I have a large dataset (1 million rows plus) and several GB that changes on a regular basis. It models flow characteristics by relating each entry to its upstream neighbor in a flow network. The basic logic I want in the tool is to use a ID field, search for the related upstream device, and write a number stored in a different column (Num2) of the upstream device entry to the original column. This allows me to determine which "level" of the flow network I am at. Here is a sample of the data:
Here is the code I am using:
import pandas as pd
import numpy as np
# Read the CSV file into a Pandas DataFrame
df = pd.read_csv("L:\\Dev_h\\xxxxx.csv")
#put values into the Number field initially:
df['Num2'] = np.where(df['Num1'] > 0, df['Num1'], df['Num2'])
print(df)
null_num2_rows = df[df["Num2"].isnull()]
# For each row with a null Num2 field, find the row with the same ID and a non-null Num2 field
for row in null_num2_rows.iterrows():
row_index, row_data = row
# Get the Upstream device field from the current row
up_field = row_data["Up"]
# Find the row with the same ID and a non-null Num2 field
matched_row = df.loc[(df["DevNo"] == up_field) & ~df["Num2"].isnull()]

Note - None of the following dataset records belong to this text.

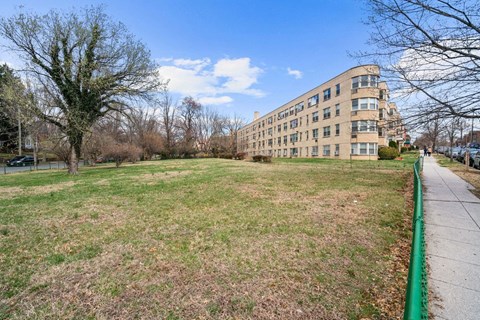 A grassy field with a building in the background.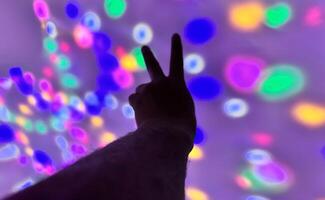 Hand gesture silhouette on a colorful background reaching out, saying hello, and show number represent photo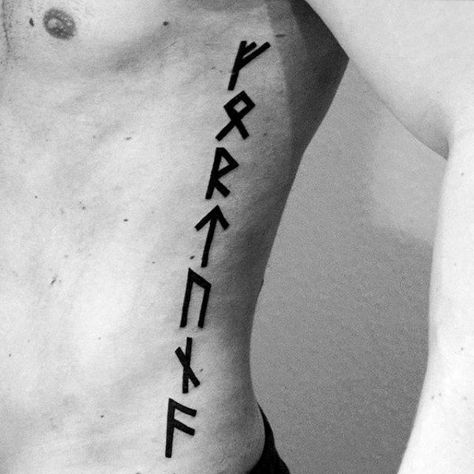 Guys Rib Cage Side Black Ink Rune Lettering Tattoos Viking Quote, Rune Tattoos, Rune Vichinghe, Runes Tattoo, Viking Tattoos For Men, Viking Rune Tattoo, Symbols Of Strength Tattoos, Rib Tattoos For Guys, Scandinavian Tattoo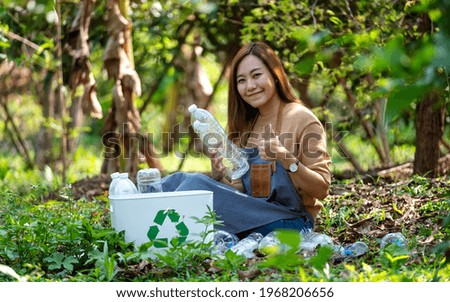 A beautiful asian woman making thumbs up hand sign while collecting garbage plastic bottles into a recycle bin in the outdoors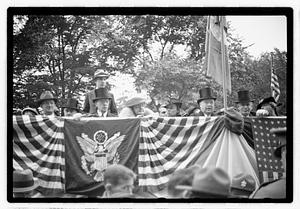 A group of people seated on a reviewing stand including Boston Parks Commissioner William Long
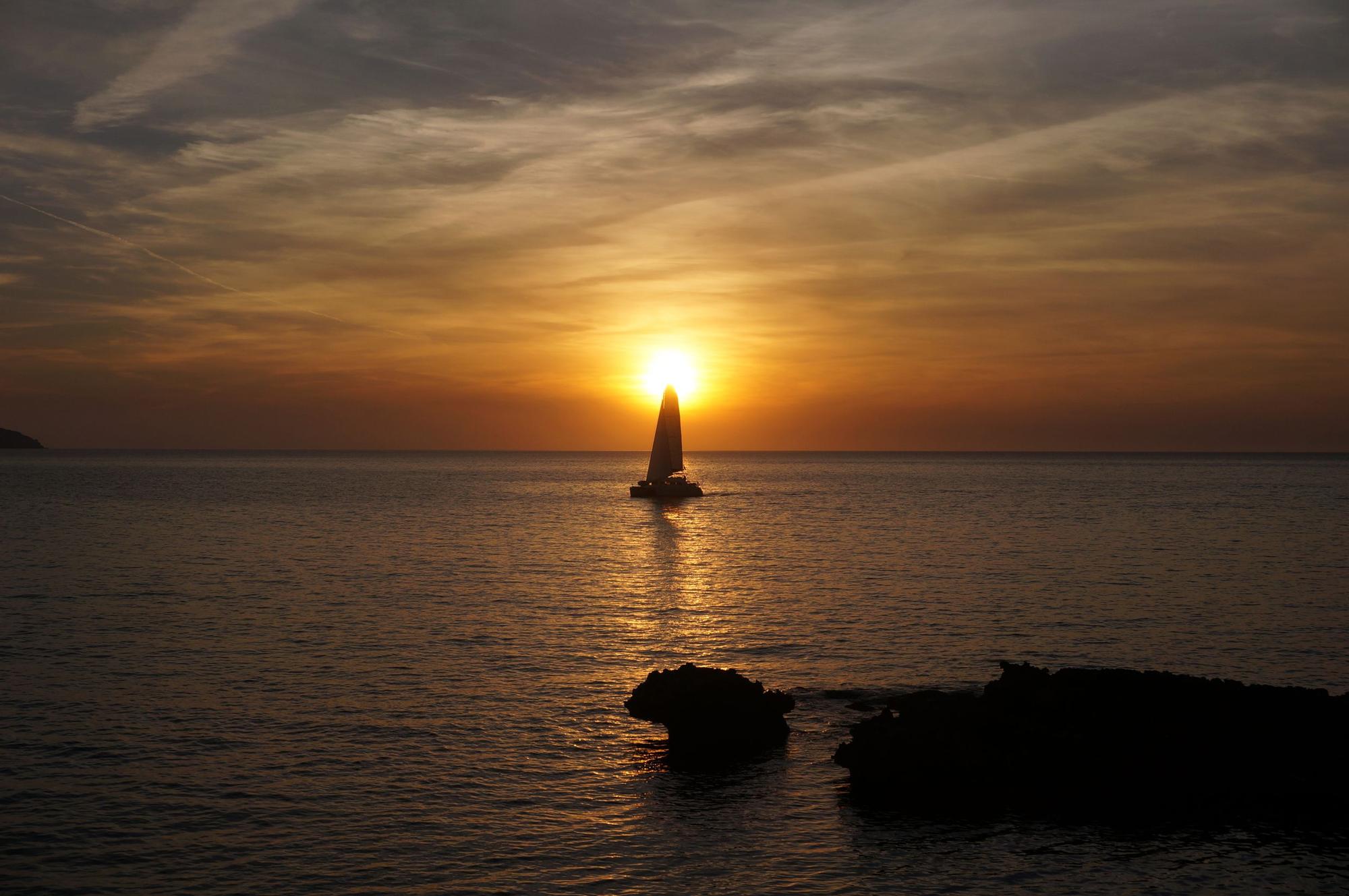 Un velero atraviesa la puesta de sol en una imagen tomada desde Cala Gració (Sant Antoni).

# Set the Num2 field of the current row with the Num2 field of the matched row
df.at[row_index, "Num2"] = matched_row["Num2"].iloc[0]
print(df)
# Save the DataFrame to an excel
df.to_excel("L:\\ROAD ROUTING\\xxxxx.xlsx")
This seems to work fine as an approach for a very small file; here is an example of the output.
DevNo,Up,Down,Num1,Num2
F1 S1 1 1
F2 S1 S2 2 2
F3 S4 S6 3 3
F4 S8 4 4
S1 F1 F2 1
S2 F2 S4 2
S3 F2 S5 2
S4 S2 F3 2
S5 S3 T1 2
S6 F3 S6 3
S7 S6 S8 3
S8 S7 F4 3
However, it scales terribly on a large dataset, maxing out my memory. I am very new to python so I don't really know how to update my logic to accommodate such a large dataset. Loading chunks in pandas doesn't work because of the potential for matching values to not be located in the same chunk as the search row.
How should I update to better handle a large dataset?